I mentioned my theory of the “Holiness Shelf” back when I had about ten readers (but curiously could attract 31 comments on a trivial post).
The Holiness Shelf is a dedicated space on a public bookshelf. Typically at eye level. The idea is that people judge you by the books in your collection, and your music and DVDs. If the first thing they see is overwhelming holiness manifested in your well thumbed “Gospel and Kingdom” or “The Cross of Christ” they’ll judge you positively.
It’s a tactic I recommended to many single guys, while I was myself single. I’m not sure it works.
Ali makes a good point in this post that people are now judged by their online presence. Facebook has replaced the bookshelf. Which is why it’s important to list good bands and intelligent books in your Facebook profile (I’ll post a list of impressive books for your profile later). Christians are pretty bad at judging each other on the basis of faith and holiness too – so the availability of information like what books, movies and music you like opens you up to all sorts of questions from others. Should I tell everybody that my favourite movies are Fight Club and the Godfather (both R rated)? Or should I pretend I love the Passion of the Christ (which I’ve never seen), and Amazing Grace (which I did like)?

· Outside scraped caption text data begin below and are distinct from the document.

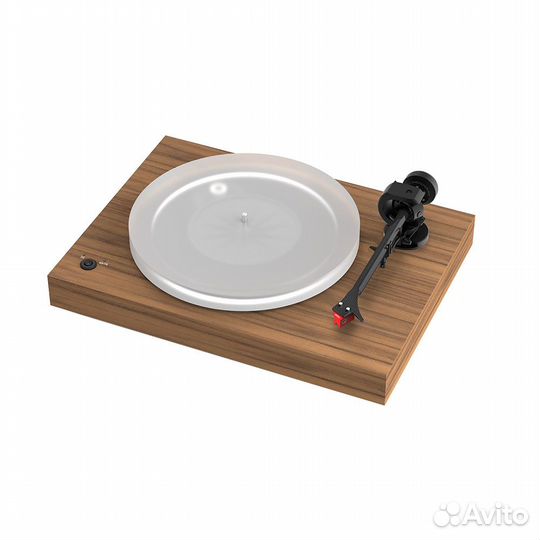 Pro-Ject X2 B с картриджем Quintet Red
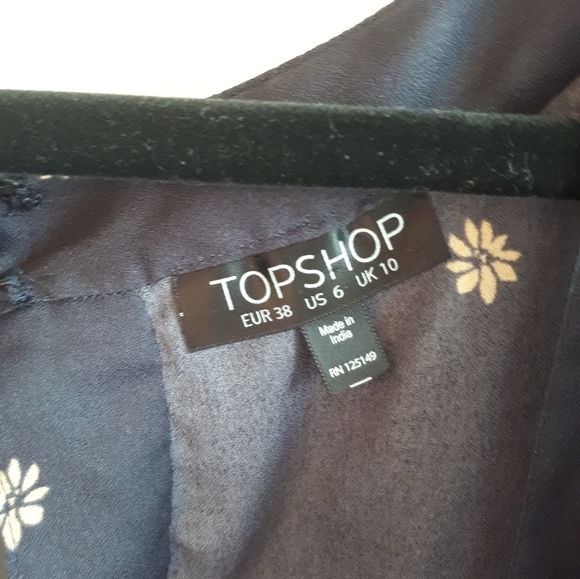 Topshop Romper - Picture 3 of 4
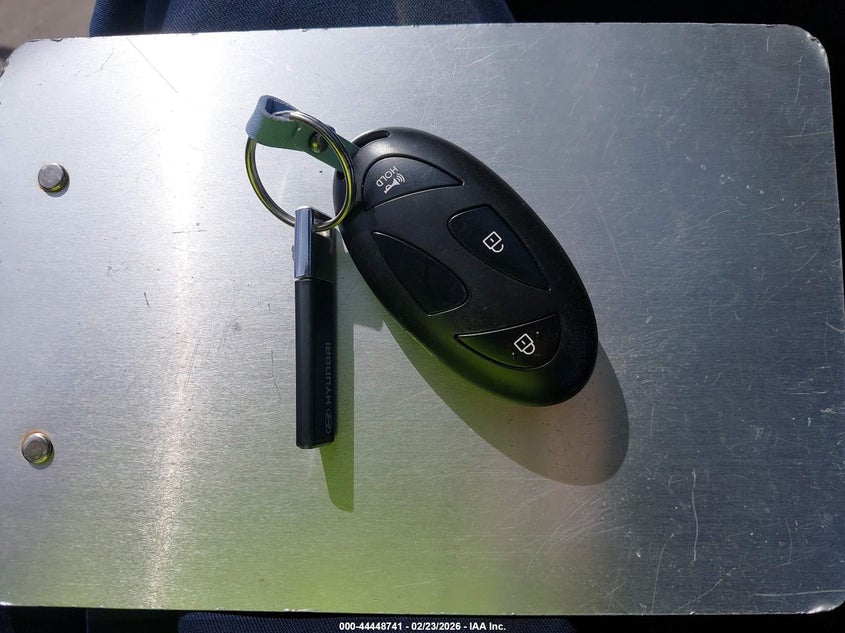 2025 Hyundai Elantra N VIN: KMHLW4DK7SU027721 Lot: 44448741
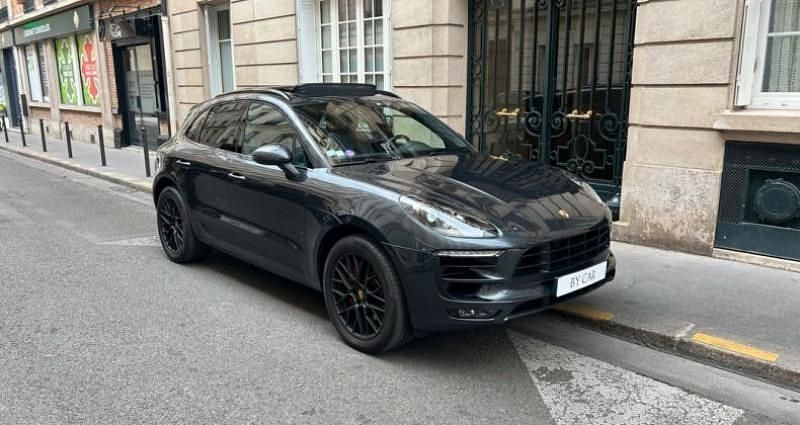 Utilisé 2017 Porsche Macan SUV | 56 990 € (Super prix) - Image 1/4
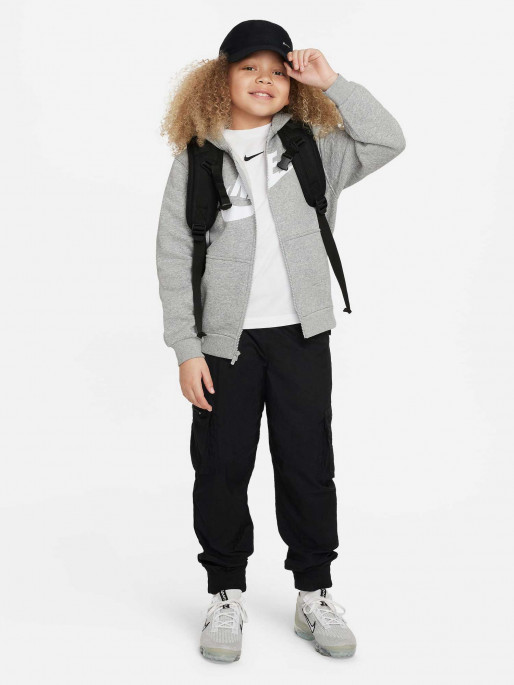 NIKE K NSW CLUB FLC HD FZ LS HBR Hoodie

The personal “brand” we build online opens us up in a new way to Christians who may or may not be weaker brothers, and may or may not be the judgemental type who emphasise the “not of the world” part of “in the world, but not of it”. This raises questions about what you should and shouldn’t blog about if you’re bloggingly inclined. You should read Ali’s post, and join the discussion there.
I post just about anything. I’m not sure I’d want people making an assessment of my holiness on the basis of that which appears in the right hand column of this page. Especially the bits about toilet paper.
I don’t want to be more discerning about what I blog about, it would take away half the fun. But nor do I want to be judged solely on what I blog about.